The unwritten, but whispered, belief of the office is that if the senior assistant, the one who’s borne the abuses the longest, can train the juniors into competence, he can then move literally across the hall, and figuratively one rung up the ladder, into a managerial position. As Vince moves upward, Nick hopes to eventually train new girl Nora to replace him.

In perhaps a bit of theatrical irony, Jordan Jaffe also directed the play. His character, Vince, leaves early in the play, giving Nick little practical advice before abandoning him. Yet, with perhaps the exception of the last scene of the play, which goes on a few minutes too long, Jaffe directs a tight production, keeping the comedy and tragedy well-timed.

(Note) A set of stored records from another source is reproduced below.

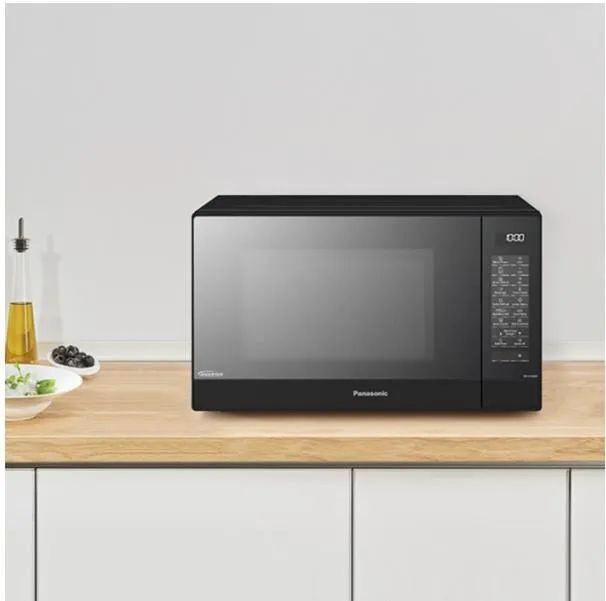 Микроволновая печь Panasonic NN-GT46KBSUG с грилем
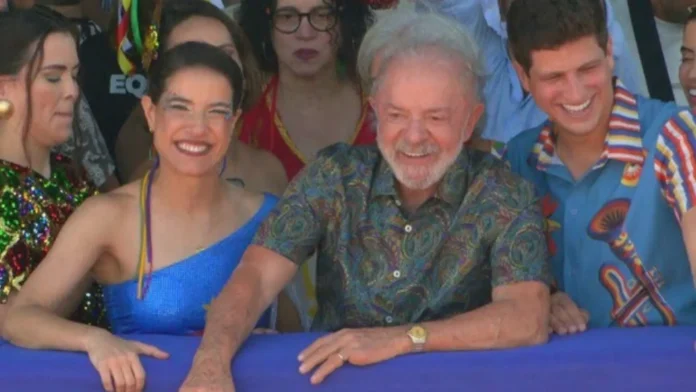 lula-acompanha-desfile-no-recife-ao-lado-do-prefeito-joao-campos-e-da-governadora-raquel-lyra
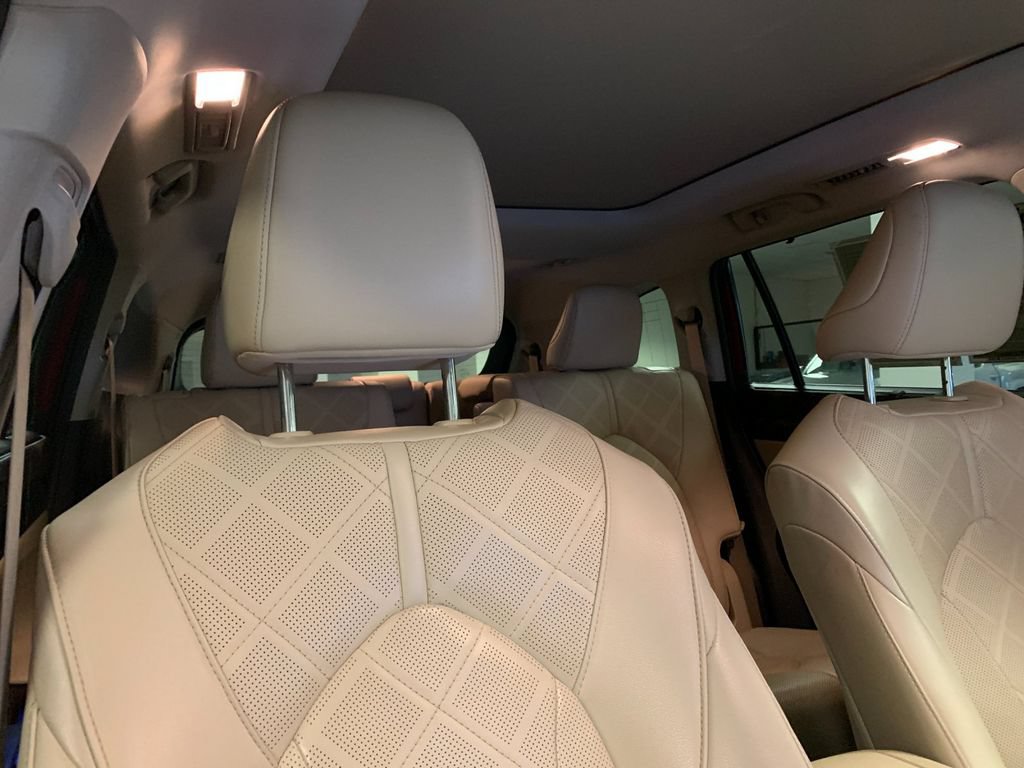 Used 2020 Toyota Highlander Platinum AWD/4WD image 22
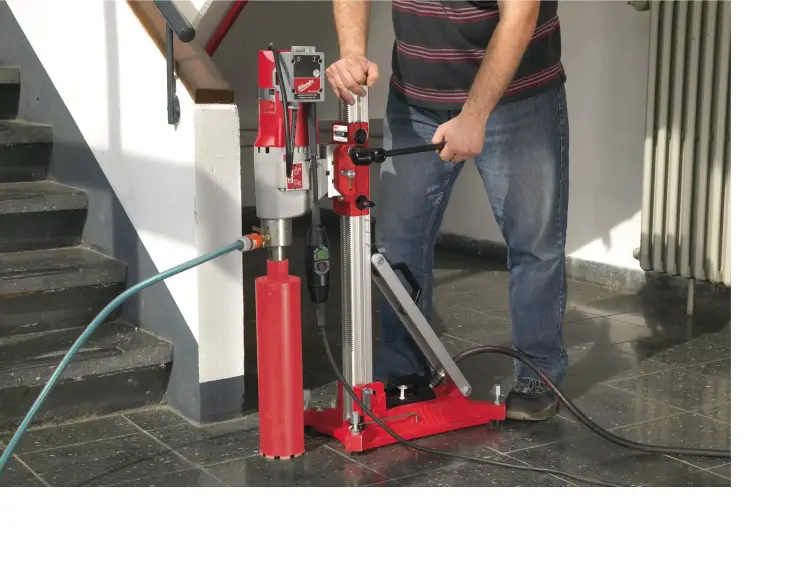 174990-4933400590-05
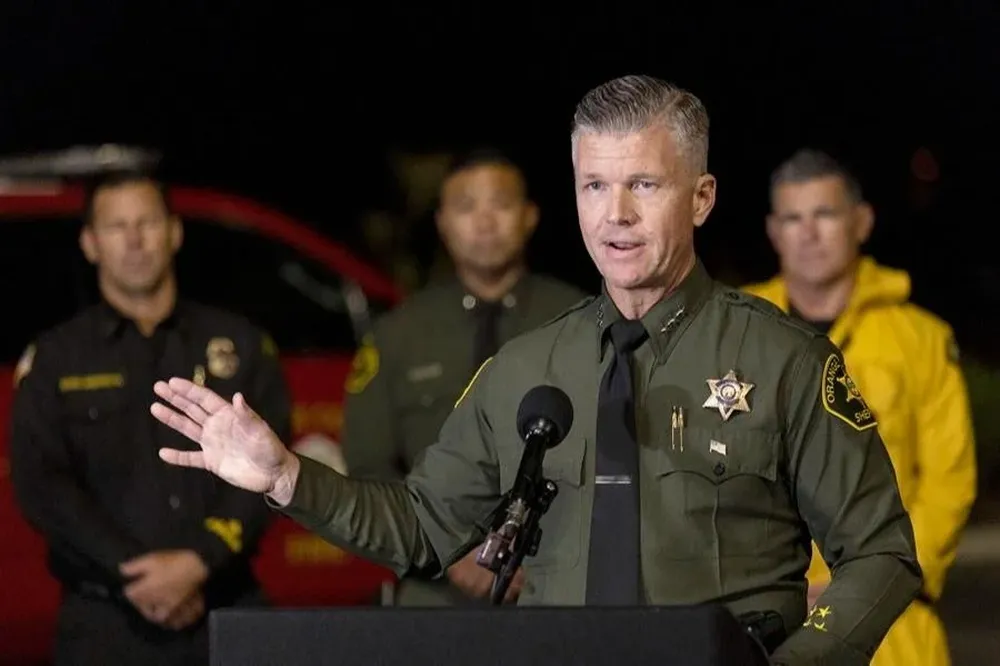 El subcomisario Jeff Hallock informa a la prensa sobre el tiroteo en el bar de motociclistas Cooks Corner en Trabuco Canyon, California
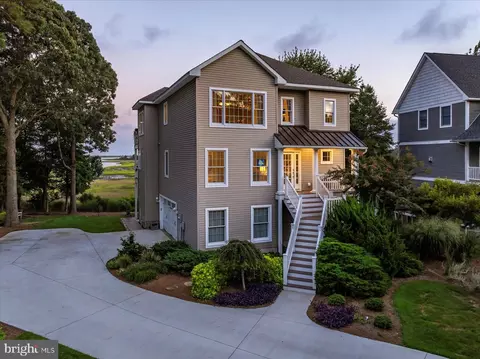 Exterior - 9605 Indian Trail Dr, Berlin, MD 21811 photo 4 of 46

And this dark comedy does hold tragedy. Assistants come and go, as they are fired or quit in the middle of a nervous breakdown. Instead of a complex plot, playwright Headland seems more interested in character building-and-wrecking, as we watch each assistant survive or fail depending on his or her ability to emulate the boss, to stop being a person, and to become more like the monster on the other end of the line.

Adam Gibbs and Rebekah Stevens Gibbs.  Photo by Pin Lim.
Adam Gibbs and Rebekah Stevens Gibbs. Photo by Pin Lim.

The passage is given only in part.